PROBLEM DESCRIPTION:
Copy the lines below word for word, skipping any image.

DATASET EXTRACT:

* * * * * * * * *

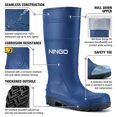 thumbnail image 5 of NINGO Waterproof Rubber Steel Toe Rain Boots for Men,Navy Blue Size 6, 5 of 7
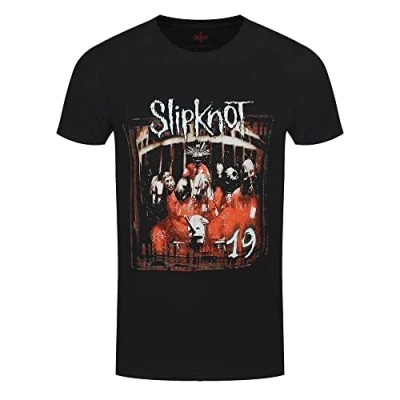Afbeelding van Slipknot Debut Album 19 Years Heren T shirt XXL Zwart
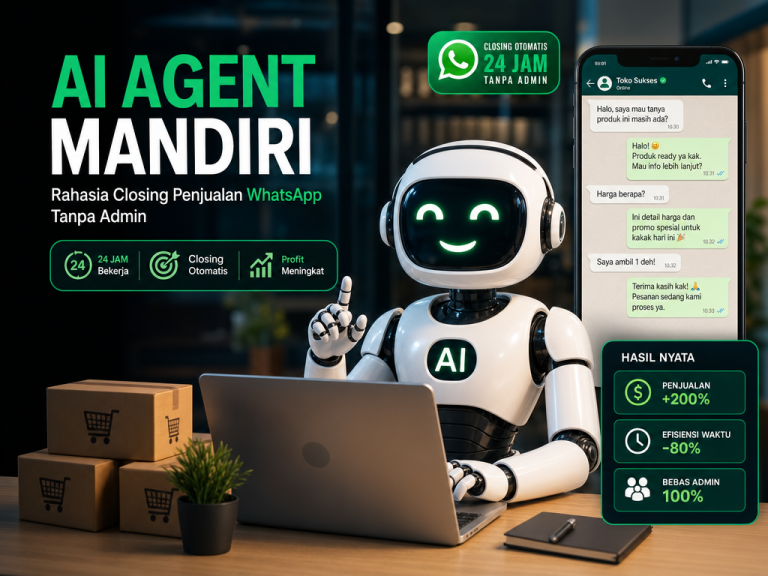 AI Agent Mandiri untuk closing penjualan otomatis di WhatsApp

* * * * * * * * *

OUTPUT FOR THIS EXERCISE:
 thumbnail image 5 of NINGO Waterproof Rubber Steel Toe Rain Boots for Men,Navy Blue Size 6, 5 of 7
Afbeelding van Slipknot Debut Album 19 Years Heren T shirt XXL Zwart
 AI Agent Mandiri untuk closing penjualan otomatis di WhatsApp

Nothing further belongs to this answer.